*** Opening Material provided ***

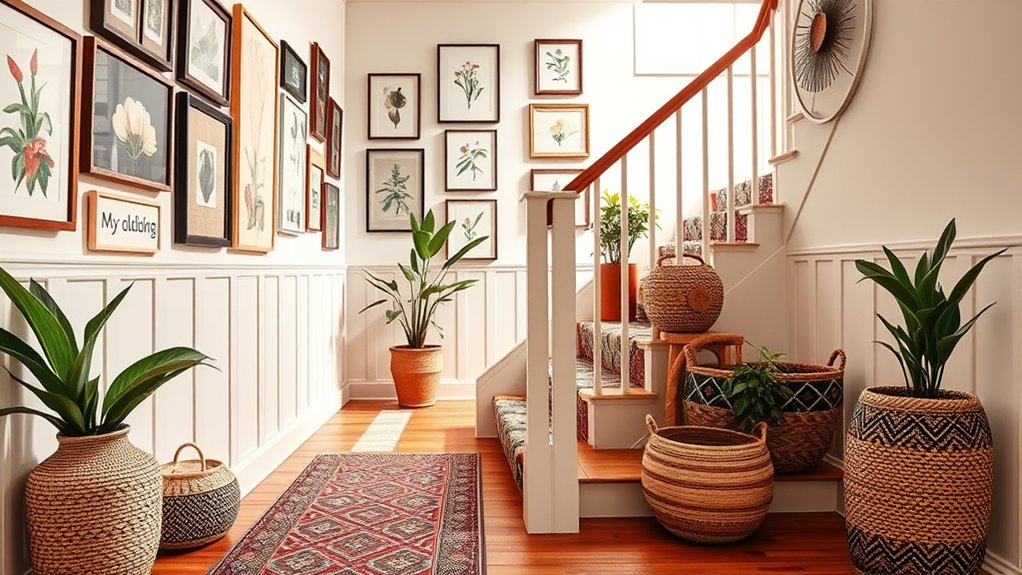 boho staircase decorating ideas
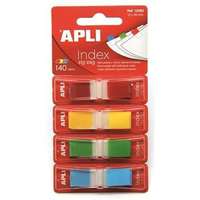 APLI APLI 12x45 mm műanyag 4 színű jelölőcímke (4x35 lap)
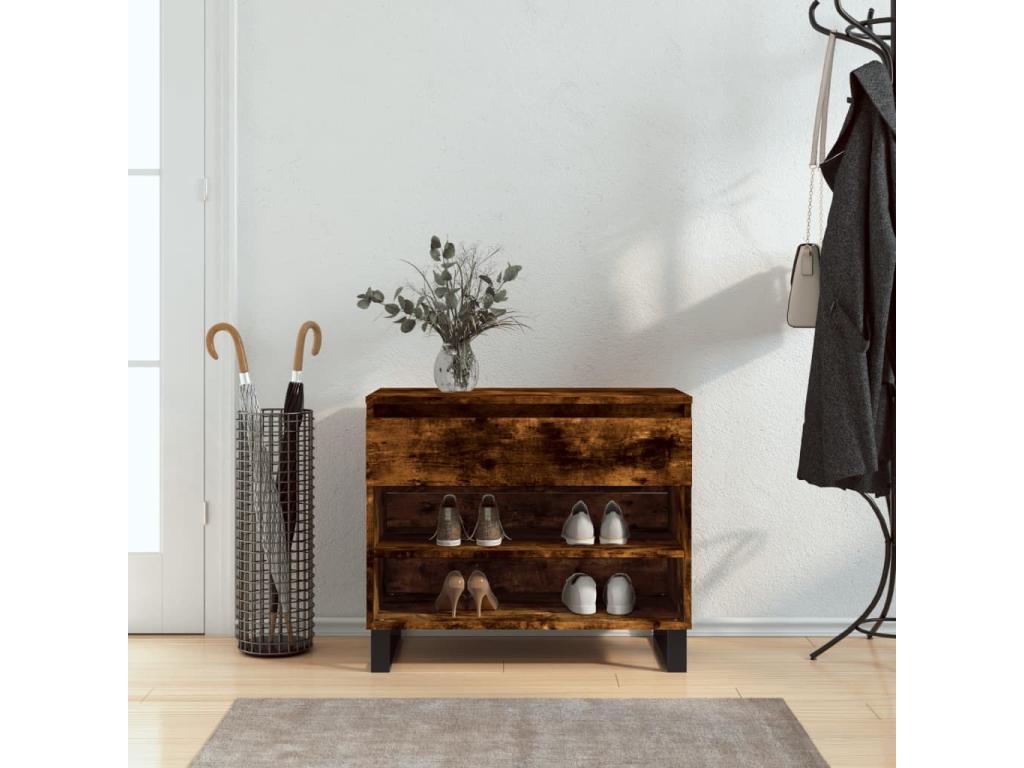Armoire en bois d'ingénierie, 70 x 36 x 60 cm, couleur naturelle claire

*** Closing Material provided ***

Without including the pictures, copy all of the data exactly.

Solution to this problem |
 boho staircase decorating ideas
 APLI APLI 12x45 mm műanyag 4 színű jelölőcímke (4x35 lap)
Armoire en bois d'ingénierie, 70 x 36 x 60 cm, couleur naturelle claire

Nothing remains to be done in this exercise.